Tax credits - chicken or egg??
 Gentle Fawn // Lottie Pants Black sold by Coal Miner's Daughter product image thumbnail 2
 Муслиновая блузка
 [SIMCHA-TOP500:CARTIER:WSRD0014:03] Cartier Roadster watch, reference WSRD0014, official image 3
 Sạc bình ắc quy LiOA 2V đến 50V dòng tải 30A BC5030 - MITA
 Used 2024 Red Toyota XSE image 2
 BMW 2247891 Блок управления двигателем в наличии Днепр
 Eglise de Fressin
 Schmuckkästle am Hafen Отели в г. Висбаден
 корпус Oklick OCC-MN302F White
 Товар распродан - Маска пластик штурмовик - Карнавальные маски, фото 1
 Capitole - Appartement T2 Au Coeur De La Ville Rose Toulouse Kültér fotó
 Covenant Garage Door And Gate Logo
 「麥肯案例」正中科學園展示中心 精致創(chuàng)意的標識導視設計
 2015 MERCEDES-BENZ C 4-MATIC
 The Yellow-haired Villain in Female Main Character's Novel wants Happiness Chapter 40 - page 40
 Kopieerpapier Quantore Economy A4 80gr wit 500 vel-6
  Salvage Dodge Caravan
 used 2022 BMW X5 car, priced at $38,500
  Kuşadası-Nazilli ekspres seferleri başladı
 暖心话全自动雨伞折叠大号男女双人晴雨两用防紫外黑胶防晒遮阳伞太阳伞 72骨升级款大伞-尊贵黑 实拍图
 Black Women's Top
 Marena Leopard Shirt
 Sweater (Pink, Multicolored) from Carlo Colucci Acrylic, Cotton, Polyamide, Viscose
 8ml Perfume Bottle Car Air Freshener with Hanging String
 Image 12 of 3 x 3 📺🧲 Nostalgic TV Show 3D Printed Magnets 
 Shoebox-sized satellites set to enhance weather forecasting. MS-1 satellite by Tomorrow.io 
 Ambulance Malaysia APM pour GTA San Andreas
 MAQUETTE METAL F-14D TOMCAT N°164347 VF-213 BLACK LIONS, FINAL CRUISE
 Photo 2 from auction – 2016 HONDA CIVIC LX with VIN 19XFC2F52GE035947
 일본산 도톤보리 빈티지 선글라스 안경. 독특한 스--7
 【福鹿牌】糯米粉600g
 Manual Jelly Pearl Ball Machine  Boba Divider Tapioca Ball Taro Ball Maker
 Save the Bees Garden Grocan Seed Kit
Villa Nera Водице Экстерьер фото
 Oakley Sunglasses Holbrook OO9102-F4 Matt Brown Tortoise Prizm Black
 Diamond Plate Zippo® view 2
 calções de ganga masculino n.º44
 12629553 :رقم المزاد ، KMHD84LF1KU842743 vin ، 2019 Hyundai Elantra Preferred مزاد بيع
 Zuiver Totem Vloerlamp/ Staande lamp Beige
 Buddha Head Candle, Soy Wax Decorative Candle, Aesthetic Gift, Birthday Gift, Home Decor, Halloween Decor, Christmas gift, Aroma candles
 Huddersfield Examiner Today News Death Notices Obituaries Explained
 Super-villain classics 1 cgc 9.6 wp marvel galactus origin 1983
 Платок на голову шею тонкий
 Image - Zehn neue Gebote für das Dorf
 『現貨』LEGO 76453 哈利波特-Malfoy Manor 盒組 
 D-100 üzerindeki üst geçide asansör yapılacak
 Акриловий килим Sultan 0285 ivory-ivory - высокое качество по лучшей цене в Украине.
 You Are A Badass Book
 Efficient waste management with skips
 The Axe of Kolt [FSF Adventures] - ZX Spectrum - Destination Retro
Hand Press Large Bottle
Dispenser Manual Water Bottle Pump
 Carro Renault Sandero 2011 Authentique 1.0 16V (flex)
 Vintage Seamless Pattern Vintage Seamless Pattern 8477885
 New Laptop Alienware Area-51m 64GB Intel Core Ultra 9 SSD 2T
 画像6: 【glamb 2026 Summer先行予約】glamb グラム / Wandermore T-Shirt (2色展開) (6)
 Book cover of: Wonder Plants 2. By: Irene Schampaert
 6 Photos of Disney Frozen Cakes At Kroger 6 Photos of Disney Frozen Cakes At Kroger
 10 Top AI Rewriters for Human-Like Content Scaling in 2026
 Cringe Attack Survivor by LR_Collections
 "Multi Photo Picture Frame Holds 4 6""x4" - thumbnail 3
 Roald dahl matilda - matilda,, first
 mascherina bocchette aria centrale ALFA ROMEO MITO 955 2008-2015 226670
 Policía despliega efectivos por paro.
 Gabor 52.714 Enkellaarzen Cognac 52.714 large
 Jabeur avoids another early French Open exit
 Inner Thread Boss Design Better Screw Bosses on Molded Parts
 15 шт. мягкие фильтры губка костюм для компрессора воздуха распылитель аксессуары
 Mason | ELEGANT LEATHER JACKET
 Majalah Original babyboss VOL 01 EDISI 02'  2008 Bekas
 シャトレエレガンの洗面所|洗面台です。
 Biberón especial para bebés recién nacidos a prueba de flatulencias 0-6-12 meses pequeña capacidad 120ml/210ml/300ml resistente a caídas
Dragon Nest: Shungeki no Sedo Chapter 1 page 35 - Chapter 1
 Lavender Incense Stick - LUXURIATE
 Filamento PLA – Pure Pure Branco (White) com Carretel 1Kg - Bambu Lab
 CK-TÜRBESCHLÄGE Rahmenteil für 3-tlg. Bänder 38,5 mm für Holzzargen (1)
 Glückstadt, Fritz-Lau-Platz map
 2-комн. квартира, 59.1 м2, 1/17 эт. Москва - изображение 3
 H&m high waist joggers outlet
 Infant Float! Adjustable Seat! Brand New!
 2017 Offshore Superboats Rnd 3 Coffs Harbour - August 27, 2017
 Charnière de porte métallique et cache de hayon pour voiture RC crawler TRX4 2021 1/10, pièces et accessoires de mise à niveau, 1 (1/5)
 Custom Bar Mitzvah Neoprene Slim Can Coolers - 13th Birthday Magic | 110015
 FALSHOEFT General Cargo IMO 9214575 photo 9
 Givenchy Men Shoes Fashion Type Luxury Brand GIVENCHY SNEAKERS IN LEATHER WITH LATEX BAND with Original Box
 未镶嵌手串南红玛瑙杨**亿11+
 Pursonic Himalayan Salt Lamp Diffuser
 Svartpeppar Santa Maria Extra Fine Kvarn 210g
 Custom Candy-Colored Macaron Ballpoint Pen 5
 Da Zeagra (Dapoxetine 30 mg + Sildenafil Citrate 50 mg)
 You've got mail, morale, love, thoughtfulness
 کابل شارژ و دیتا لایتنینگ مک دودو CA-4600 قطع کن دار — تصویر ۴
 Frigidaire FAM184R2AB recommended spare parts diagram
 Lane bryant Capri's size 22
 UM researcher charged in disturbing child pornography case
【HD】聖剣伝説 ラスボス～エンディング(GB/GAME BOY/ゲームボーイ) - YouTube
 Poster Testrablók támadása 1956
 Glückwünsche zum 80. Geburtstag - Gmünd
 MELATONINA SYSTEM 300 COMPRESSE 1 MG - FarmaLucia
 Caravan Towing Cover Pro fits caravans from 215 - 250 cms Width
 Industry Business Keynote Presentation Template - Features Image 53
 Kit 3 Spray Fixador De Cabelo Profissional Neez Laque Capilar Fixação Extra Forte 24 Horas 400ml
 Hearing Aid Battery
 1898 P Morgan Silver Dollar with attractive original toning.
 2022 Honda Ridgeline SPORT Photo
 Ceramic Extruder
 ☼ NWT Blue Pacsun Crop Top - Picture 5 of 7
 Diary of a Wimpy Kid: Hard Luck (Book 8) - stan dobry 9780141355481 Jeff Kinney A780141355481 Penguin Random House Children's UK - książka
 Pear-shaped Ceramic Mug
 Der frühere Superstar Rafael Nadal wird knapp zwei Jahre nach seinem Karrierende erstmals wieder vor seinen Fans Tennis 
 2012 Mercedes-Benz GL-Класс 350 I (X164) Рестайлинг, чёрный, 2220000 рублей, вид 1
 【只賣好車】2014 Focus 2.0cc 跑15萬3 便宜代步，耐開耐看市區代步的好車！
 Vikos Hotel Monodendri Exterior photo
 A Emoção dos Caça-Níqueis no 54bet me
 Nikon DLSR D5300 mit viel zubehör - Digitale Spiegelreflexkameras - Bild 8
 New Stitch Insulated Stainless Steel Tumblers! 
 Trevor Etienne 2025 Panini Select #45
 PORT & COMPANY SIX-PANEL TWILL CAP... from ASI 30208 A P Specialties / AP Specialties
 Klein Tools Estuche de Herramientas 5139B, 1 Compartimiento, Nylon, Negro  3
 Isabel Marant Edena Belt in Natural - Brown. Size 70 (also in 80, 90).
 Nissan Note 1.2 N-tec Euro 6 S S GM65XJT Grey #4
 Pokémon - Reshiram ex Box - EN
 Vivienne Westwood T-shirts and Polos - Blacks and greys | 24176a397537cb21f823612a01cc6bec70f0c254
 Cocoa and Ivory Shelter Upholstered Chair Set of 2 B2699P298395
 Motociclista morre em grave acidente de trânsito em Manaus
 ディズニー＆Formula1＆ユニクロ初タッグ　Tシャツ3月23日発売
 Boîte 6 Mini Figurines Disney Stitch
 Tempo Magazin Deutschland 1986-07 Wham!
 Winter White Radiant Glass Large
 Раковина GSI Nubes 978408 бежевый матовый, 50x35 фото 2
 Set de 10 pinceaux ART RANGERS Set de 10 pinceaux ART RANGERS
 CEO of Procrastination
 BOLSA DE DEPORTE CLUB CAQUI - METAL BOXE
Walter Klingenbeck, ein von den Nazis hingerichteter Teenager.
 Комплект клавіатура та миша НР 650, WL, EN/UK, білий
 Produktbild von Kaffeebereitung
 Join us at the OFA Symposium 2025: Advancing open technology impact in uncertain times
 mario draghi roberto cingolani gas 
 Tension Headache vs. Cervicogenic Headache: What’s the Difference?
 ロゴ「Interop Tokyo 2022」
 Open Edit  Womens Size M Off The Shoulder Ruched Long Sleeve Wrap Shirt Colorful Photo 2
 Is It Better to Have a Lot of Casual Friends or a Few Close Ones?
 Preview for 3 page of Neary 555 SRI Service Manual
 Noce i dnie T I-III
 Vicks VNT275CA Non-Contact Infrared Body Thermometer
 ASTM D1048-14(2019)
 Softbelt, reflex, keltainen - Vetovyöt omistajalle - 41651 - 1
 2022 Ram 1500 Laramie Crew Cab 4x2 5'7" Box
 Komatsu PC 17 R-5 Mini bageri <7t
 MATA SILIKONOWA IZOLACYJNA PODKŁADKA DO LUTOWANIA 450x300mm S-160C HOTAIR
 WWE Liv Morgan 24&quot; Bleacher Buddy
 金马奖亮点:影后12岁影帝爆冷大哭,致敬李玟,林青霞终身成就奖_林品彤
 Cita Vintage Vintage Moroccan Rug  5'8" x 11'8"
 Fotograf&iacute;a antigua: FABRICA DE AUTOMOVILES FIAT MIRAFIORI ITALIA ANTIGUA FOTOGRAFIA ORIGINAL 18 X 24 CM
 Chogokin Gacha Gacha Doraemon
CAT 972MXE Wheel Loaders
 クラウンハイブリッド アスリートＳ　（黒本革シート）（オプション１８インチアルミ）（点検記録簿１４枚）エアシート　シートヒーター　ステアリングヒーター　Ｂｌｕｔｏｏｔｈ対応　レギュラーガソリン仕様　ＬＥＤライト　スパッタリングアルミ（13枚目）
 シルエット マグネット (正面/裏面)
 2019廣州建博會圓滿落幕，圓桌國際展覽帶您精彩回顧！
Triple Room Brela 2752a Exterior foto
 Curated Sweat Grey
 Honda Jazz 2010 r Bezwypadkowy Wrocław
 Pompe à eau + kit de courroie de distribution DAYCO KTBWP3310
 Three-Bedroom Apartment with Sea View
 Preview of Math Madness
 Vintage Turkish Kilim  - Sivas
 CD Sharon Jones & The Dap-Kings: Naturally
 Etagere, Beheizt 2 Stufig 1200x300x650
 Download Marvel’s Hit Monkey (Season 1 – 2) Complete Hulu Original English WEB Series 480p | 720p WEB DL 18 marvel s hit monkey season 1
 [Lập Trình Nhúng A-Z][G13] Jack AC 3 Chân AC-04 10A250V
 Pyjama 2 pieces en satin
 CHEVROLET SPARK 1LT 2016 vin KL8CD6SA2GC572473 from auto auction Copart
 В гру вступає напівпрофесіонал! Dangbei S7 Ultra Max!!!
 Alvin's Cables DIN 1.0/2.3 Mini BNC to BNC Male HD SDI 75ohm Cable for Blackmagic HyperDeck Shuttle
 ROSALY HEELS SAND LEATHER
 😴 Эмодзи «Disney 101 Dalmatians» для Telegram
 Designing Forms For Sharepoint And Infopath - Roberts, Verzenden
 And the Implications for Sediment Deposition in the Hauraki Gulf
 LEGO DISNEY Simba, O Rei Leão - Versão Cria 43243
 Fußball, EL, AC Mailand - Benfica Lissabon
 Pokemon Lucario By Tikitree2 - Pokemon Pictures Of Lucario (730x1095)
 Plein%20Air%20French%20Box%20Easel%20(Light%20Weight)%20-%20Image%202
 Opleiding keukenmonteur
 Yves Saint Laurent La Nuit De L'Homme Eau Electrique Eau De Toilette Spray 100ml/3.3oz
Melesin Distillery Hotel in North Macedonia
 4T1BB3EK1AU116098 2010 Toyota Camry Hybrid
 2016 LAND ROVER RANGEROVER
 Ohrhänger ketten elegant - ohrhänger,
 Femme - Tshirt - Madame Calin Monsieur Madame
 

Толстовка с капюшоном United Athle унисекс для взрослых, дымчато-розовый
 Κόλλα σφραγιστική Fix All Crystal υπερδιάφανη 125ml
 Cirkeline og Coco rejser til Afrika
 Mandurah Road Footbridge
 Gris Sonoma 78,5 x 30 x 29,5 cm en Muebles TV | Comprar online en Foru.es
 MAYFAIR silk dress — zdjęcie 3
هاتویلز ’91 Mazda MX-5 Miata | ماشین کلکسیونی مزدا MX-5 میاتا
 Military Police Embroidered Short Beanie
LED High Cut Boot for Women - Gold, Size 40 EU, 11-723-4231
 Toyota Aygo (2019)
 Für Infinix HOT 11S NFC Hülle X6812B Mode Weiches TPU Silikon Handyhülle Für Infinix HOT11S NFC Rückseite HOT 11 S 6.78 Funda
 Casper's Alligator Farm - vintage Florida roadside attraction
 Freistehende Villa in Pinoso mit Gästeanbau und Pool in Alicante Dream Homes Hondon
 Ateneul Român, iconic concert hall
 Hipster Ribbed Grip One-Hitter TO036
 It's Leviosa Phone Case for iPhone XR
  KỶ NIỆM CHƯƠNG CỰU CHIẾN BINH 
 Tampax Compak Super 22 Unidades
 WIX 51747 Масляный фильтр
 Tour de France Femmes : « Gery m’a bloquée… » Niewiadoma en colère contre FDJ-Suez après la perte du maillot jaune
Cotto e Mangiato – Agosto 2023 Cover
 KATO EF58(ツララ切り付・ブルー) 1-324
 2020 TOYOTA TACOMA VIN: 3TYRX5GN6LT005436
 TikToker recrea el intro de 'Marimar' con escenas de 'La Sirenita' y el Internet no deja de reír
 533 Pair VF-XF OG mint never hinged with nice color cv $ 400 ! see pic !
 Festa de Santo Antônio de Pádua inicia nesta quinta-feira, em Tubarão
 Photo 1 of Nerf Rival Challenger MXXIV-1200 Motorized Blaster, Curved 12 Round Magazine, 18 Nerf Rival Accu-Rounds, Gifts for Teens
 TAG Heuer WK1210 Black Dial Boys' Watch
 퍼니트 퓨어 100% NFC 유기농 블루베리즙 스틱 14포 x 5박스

Exercise brief »
Would you please reproduce the records above exactly, only from their first line through the line holding "Zuiver Totem Vloerlamp/ Staande lamp Beige", with both ends included?

Exercise output »
Tax credits - chicken or egg??
 Gentle Fawn // Lottie Pants Black sold by Coal Miner's Daughter product image thumbnail 2
 Муслиновая блузка
 [SIMCHA-TOP500:CARTIER:WSRD0014:03] Cartier Roadster watch, reference WSRD0014, official image 3
 Sạc bình ắc quy LiOA 2V đến 50V dòng tải 30A BC5030 - MITA
 Used 2024 Red Toyota XSE image 2
 BMW 2247891 Блок управления двигателем в наличии Днепр
 Eglise de Fressin
 Schmuckkästle am Hafen Отели в г. Висбаден
 корпус Oklick OCC-MN302F White
 Товар распродан - Маска пластик штурмовик - Карнавальные маски, фото 1
 Capitole - Appartement T2 Au Coeur De La Ville Rose Toulouse Kültér fotó
 Covenant Garage Door And Gate Logo
 「麥肯案例」正中科學園展示中心 精致創(chuàng)意的標識導視設計
 2015 MERCEDES-BENZ C 4-MATIC
 The Yellow-haired Villain in Female Main Character's Novel wants Happiness Chapter 40 - page 40
 Kopieerpapier Quantore Economy A4 80gr wit 500 vel-6
  Salvage Dodge Caravan
 used 2022 BMW X5 car, priced at $38,500
  Kuşadası-Nazilli ekspres seferleri başladı
 暖心话全自动雨伞折叠大号男女双人晴雨两用防紫外黑胶防晒遮阳伞太阳伞 72骨升级款大伞-尊贵黑 实拍图
 Black Women's Top
 Marena Leopard Shirt
 Sweater (Pink, Multicolored) from Carlo Colucci Acrylic, Cotton, Polyamide, Viscose
 8ml Perfume Bottle Car Air Freshener with Hanging String
 Image 12 of 3 x 3 📺🧲 Nostalgic TV Show 3D Printed Magnets 
 Shoebox-sized satellites set to enhance weather forecasting. MS-1 satellite by Tomorrow.io 
 Ambulance Malaysia APM pour GTA San Andreas
 MAQUETTE METAL F-14D TOMCAT N°164347 VF-213 BLACK LIONS, FINAL CRUISE
 Photo 2 from auction – 2016 HONDA CIVIC LX with VIN 19XFC2F52GE035947
 일본산 도톤보리 빈티지 선글라스 안경. 독특한 스--7
 【福鹿牌】糯米粉600g
 Manual Jelly Pearl Ball Machine  Boba Divider Tapioca Ball Taro Ball Maker
 Save the Bees Garden Grocan Seed Kit
Villa Nera Водице Экстерьер фото
 Oakley Sunglasses Holbrook OO9102-F4 Matt Brown Tortoise Prizm Black
 Diamond Plate Zippo® view 2
 calções de ganga masculino n.º44
 12629553 :رقم المزاد ، KMHD84LF1KU842743 vin ، 2019 Hyundai Elantra Preferred مزاد بيع
 Zuiver Totem Vloerlamp/ Staande lamp Beige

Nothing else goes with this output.